According to the minutes of the September board meeting, the project is intended to develop targeted educational curricula in conjunction with graduate employers, hoping to deliver the attributes that they look for in the hiring pool. As the job market becomes increasingly competitive, this will be essential. Graduating from Trinity should not just leave an individual with any old degree, but should provide them with the necessary skills and attributes that an employer wants. What’s more, the project won’t just affect nefarious aspects such as “graduate impressions”, but may directly alter the semesterisation of exams and the use of technology in education, such as online learning. New courses could be created, following review of entry into the Arts, Humanities, and Social Sciences. Minor course strands might be used to counteract various breakdowns in the provision of courses in this faculty.

What exactly the project comprises remains mysterious to the student body, however. Little information has been made available from College, apart from in the minutes of Council and Board meetings, which are rarely accessed by the average student. The project is still very much in its early stages – not all of the strands are even working yet – and so it’s understandable that it might be less known. And the College administration have already promised that they will ensure adequate student representation and input into the planning groups, acknowledging that consultation with students shouldn’t be ignored.

While student representation in the form of students’ union officers is certainly important, the average student should also have a say.

To get students on board and in support of the project, it’s essential that it actually seems pertinent to our interests and our future progress. While student representation in the form of students’ union officers is certainly important, the average student should also have a say. College has gone some way towards facilitating this, particularly in the survey completed by 2,810 undergraduates in 2013 that aimed to establish what exactly a Trinity Education is, what it means to students, and what it could potentially become. The project has the potential to be transformative in a number of ways, expanding the breadth and depth of a Trinity education to encompass different subjects from an individual’s core degree, or to allow for research in the early undergraduate years. Students from all disciplines have a stake in this. They should be informed that it is happening and what exactly it entails, so that they want to engage directly when their input is called upon.

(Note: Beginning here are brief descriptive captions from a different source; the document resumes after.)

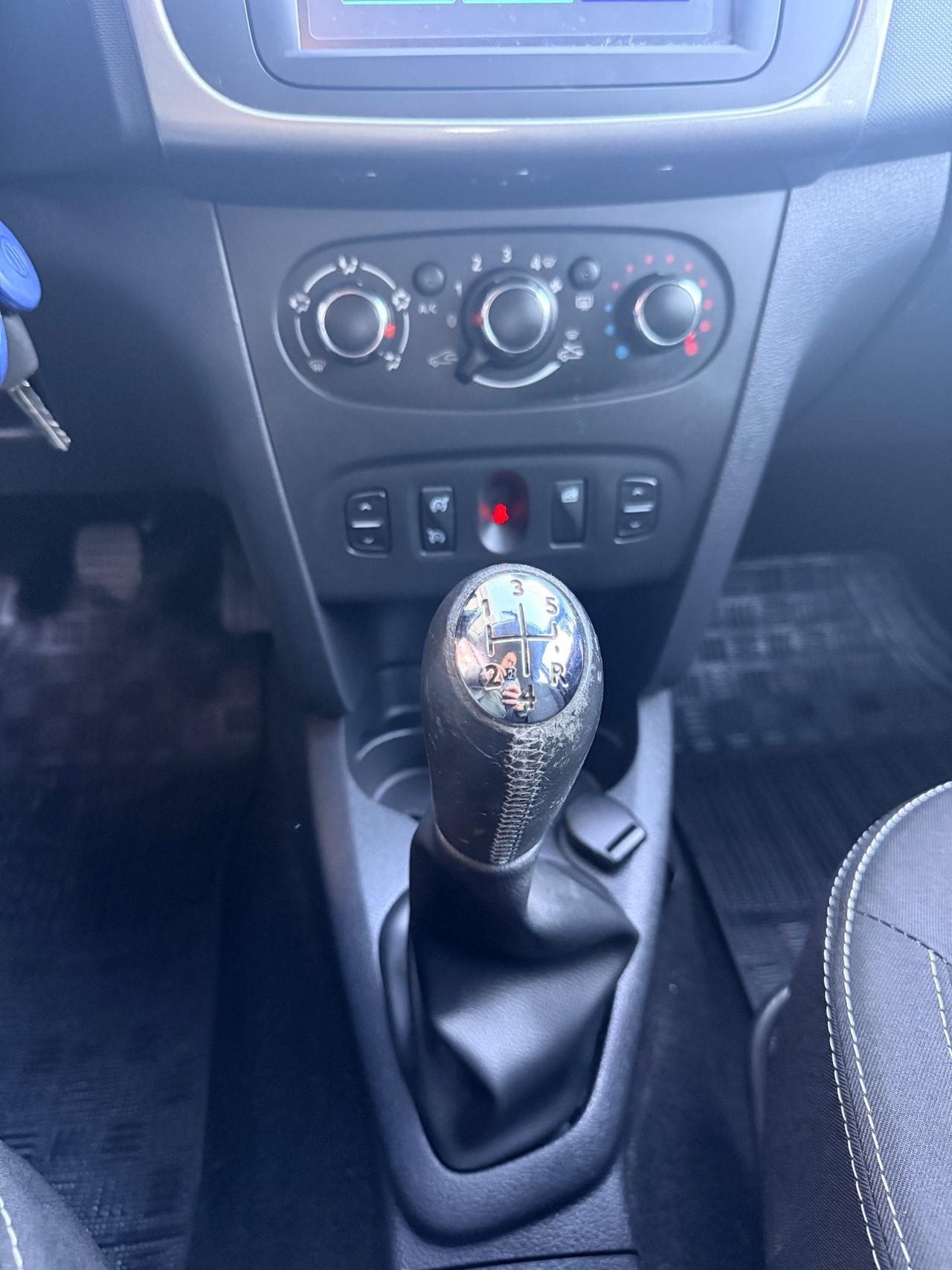 Dacia Sandero 1.2 BENZINA 2016 X NEO PATENTATI, 5 PORTE, CON NAVI,BLUETOOTH,CLIMA,KM CERTIFICATI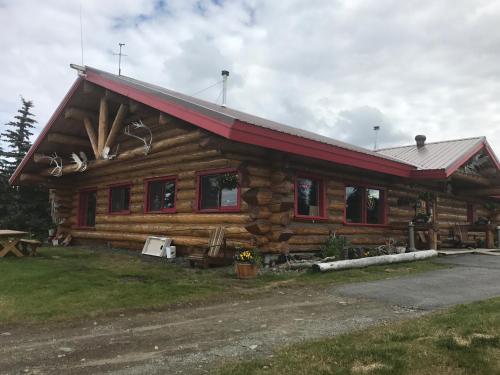 Lake Louise Lodge, Alaska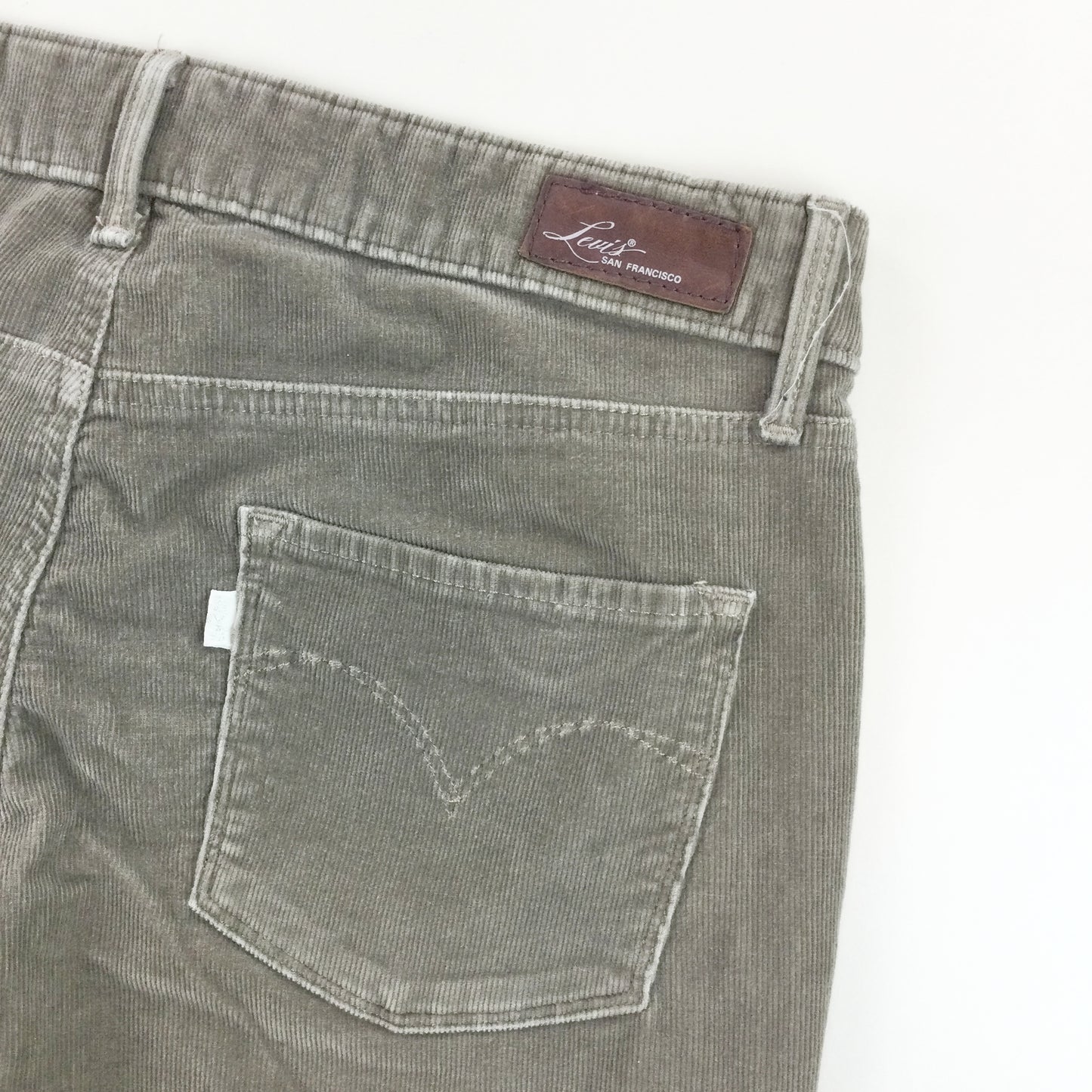 Levi's Corduroy Pant - W28 L30-LEVI'S-olesstore-vintage-secondhand-shop-austria-österreich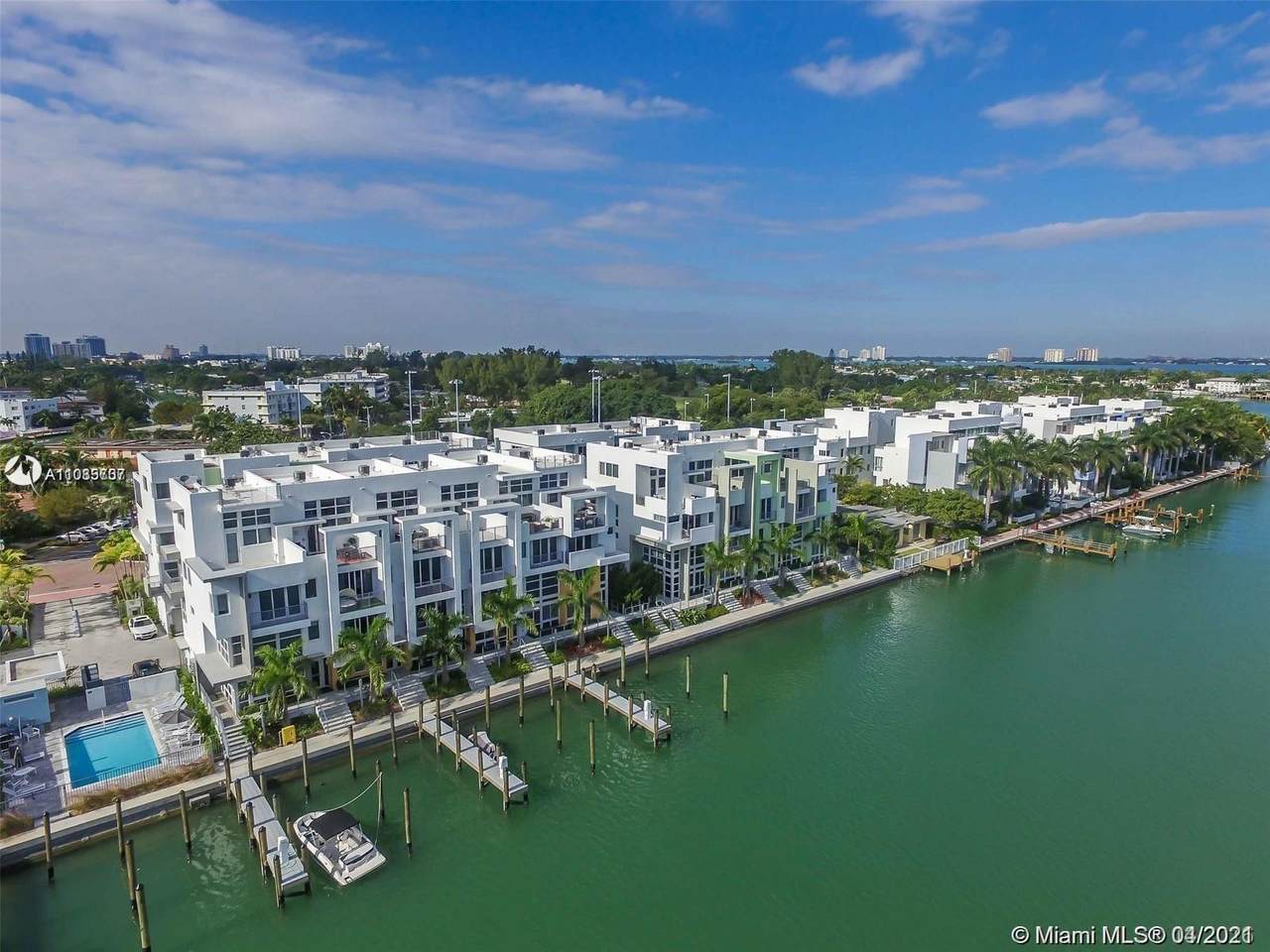 99 Shore Dr - Photo 1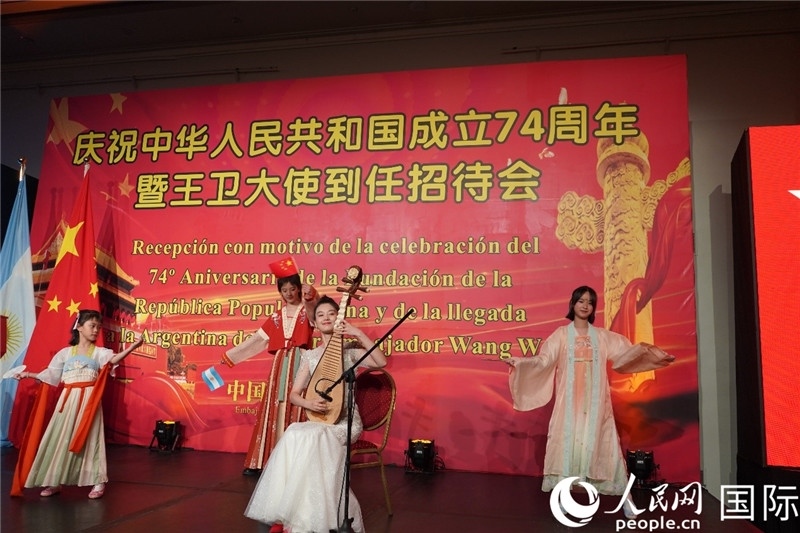 圖為招待會(huì)現(xiàn)場(chǎng)中國(guó)傳統(tǒng)樂(lè)器演奏和舞蹈展示。人民網(wǎng)記者 許放攝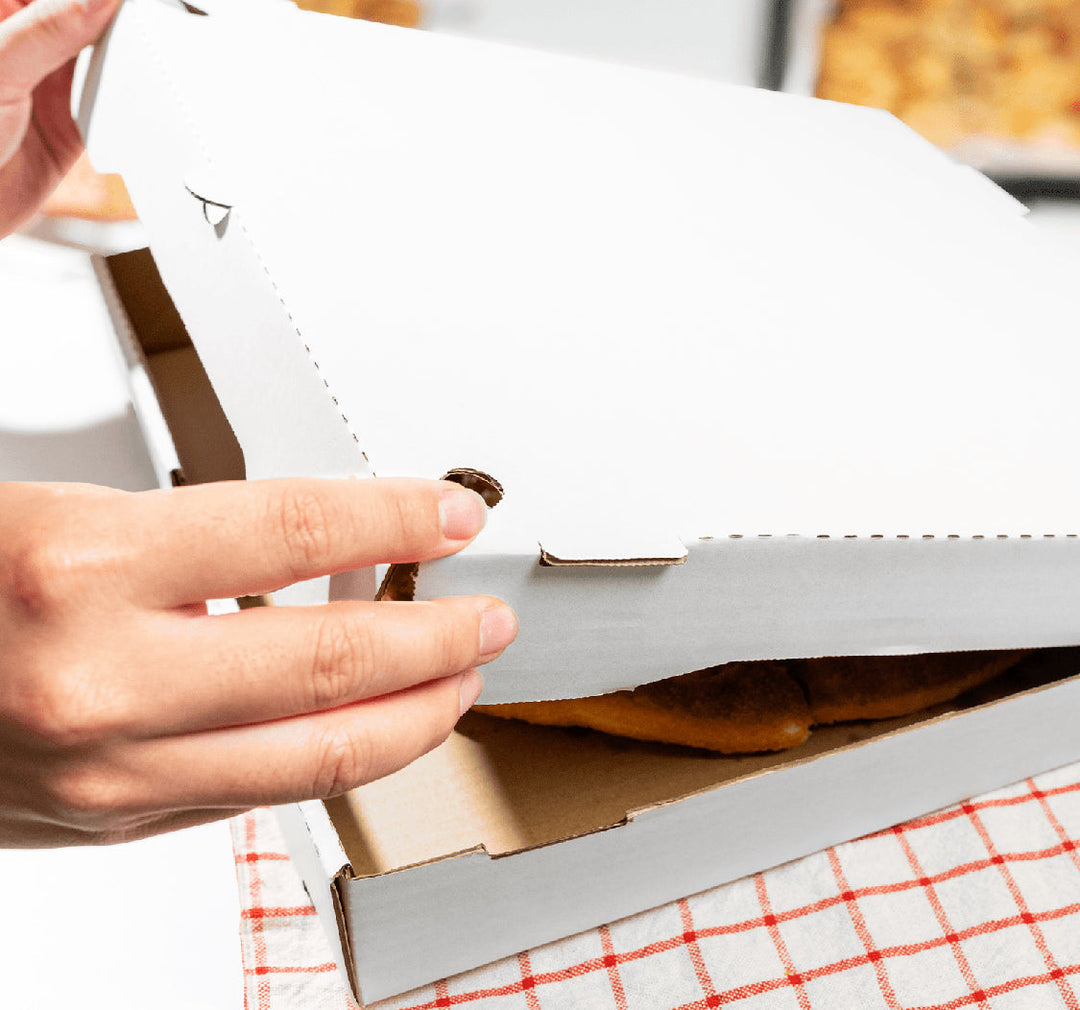 Corrugated Pizza Box, 14''x14''x2'', White - 50 pcs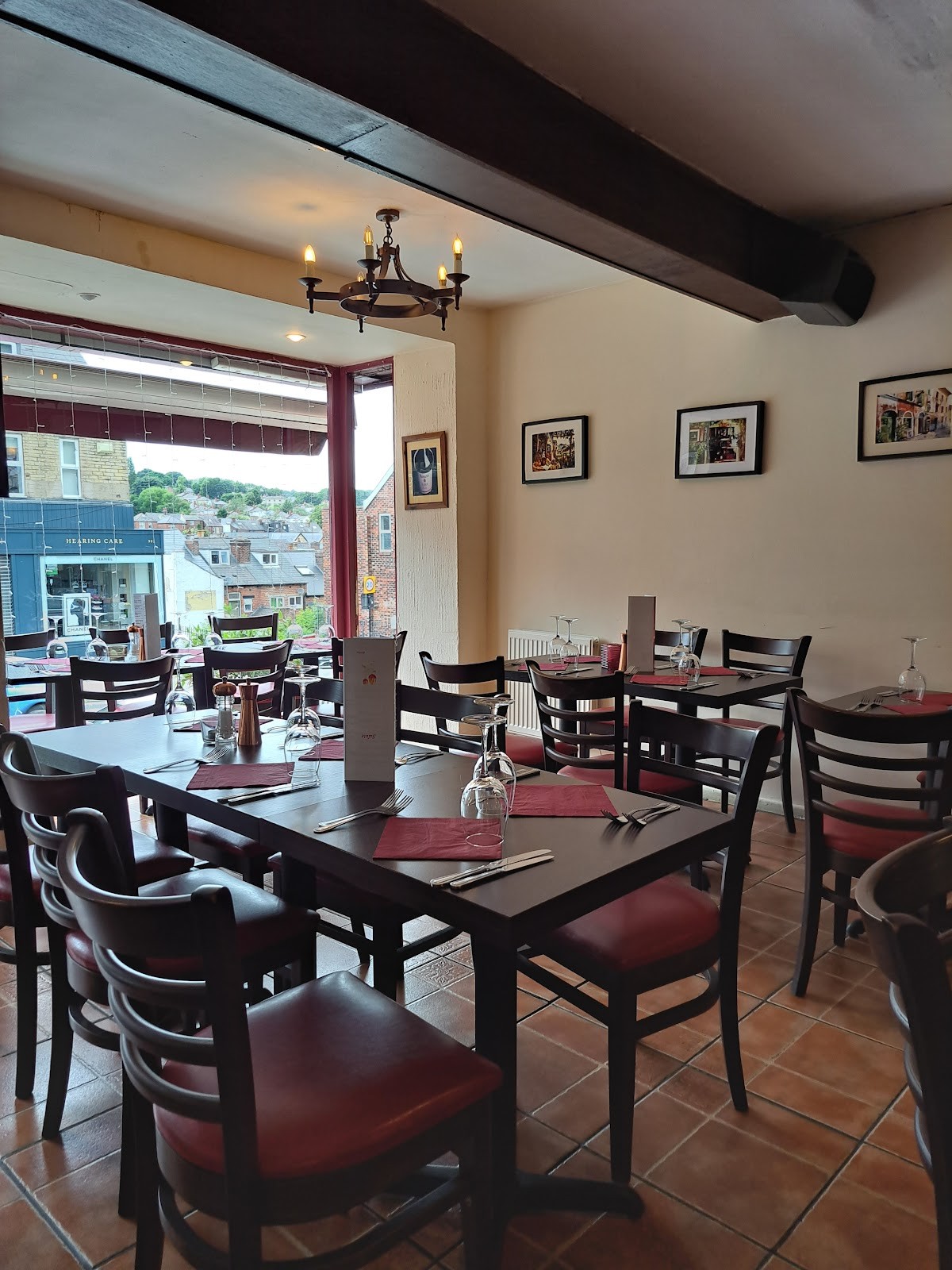 La Luna Restaurant: the place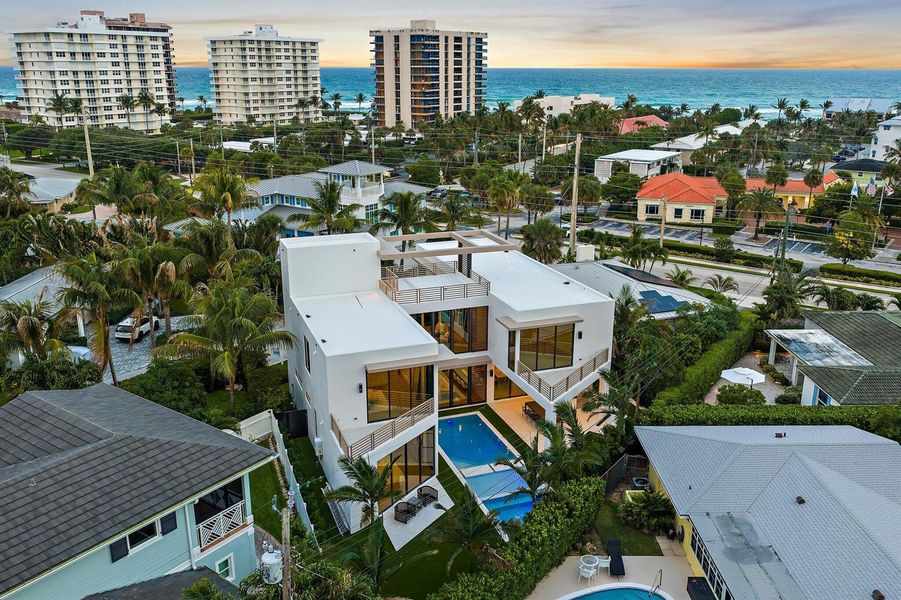 015-390JupiterLn-JunoBeach-SMALL 015-390JupiterLn-JunoBeach-SMALL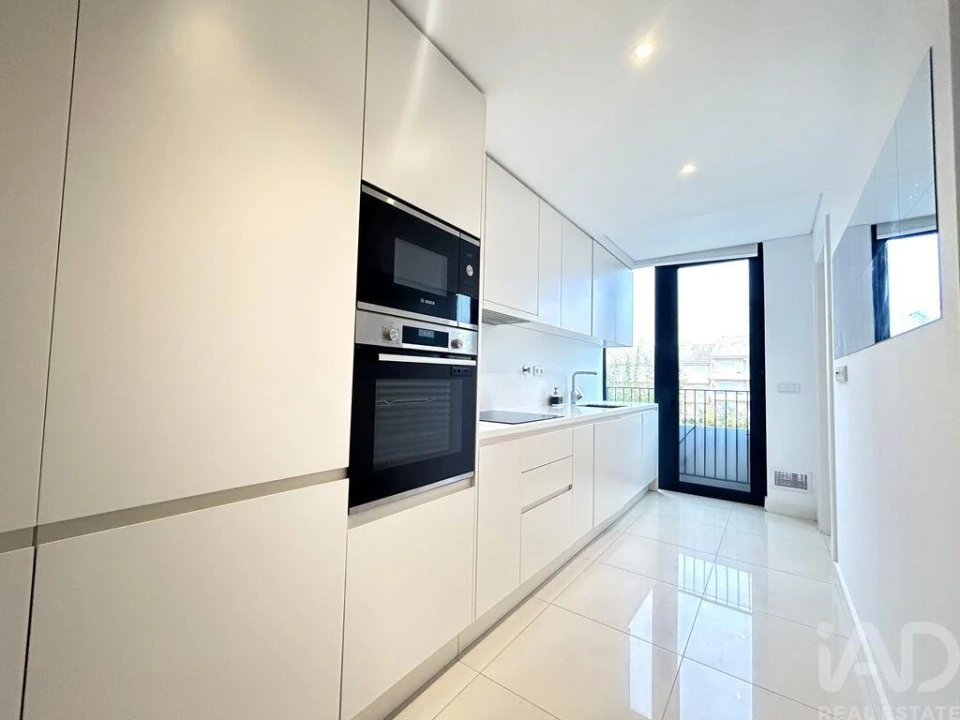 Apartamento T3 para Venda em Quarteira Foto 19
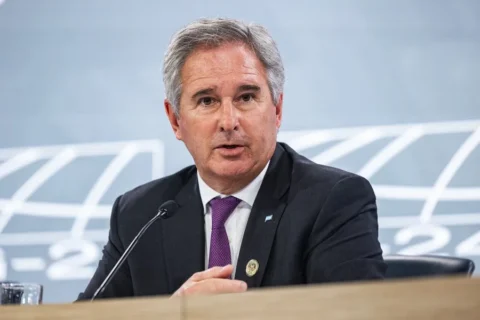 Canciller argentino afirma que Argentina es “bioceánica” tras acuerdo de Kast y Milei por el Estrecho de Magallanes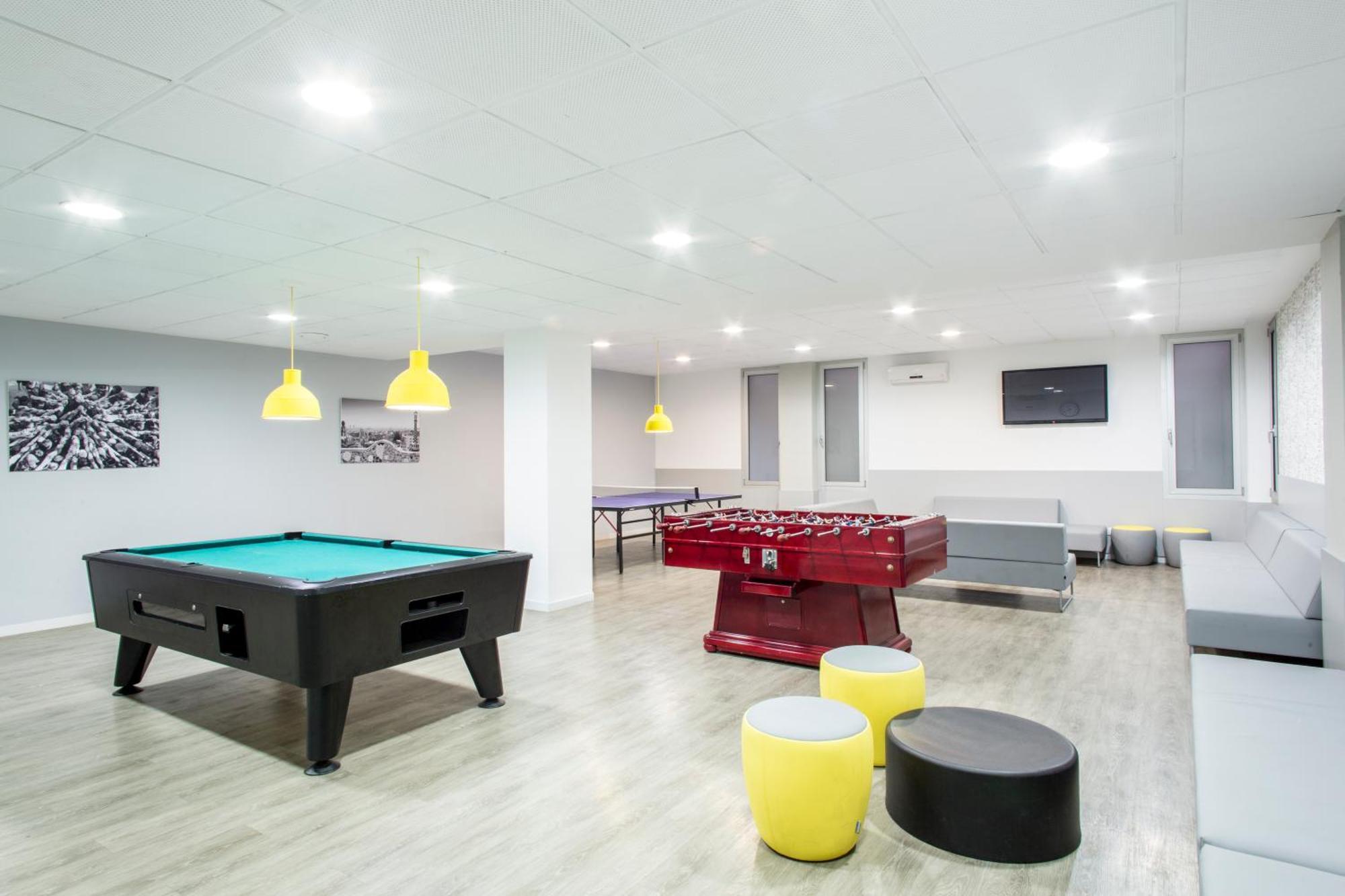 Residencia Universitaria Resa Lesseps Barcelona Ngoại thất bức ảnh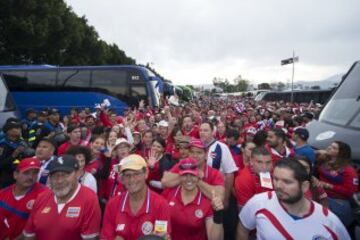 Varios aficionados de Costa Rica se dieron cita al Coloso de Santa Úrsula para presenciar el duelo eliminatorio entre el tricolor y los ticos.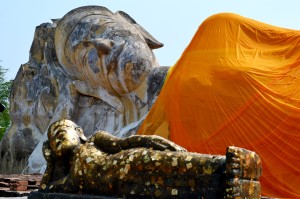 Kinder in Thailand und liegender Buddha Ayutthaya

It’s projected that it will take eighteen months to shepherd the project from development to completion. Eighteen months from now, however, is too late for information about the project to become common knowledge. The Trinity Education Project is potentially transformative, and many students would be interested and engaged if they were given more information. After all, it could affect many aspects of a student’s education in Trinity – from the provision of different degrees, to the use of technology, to the perceptions of employers – and so it should be better publicised, better explained, and opened to the larger body of students so their input can be taken into account from the earliest stages of the plan. Nevertheless, the project itself is an ambitious and important response to the challenges that dog Trinity, and it’ll be certainly interesting to see where it goes from here.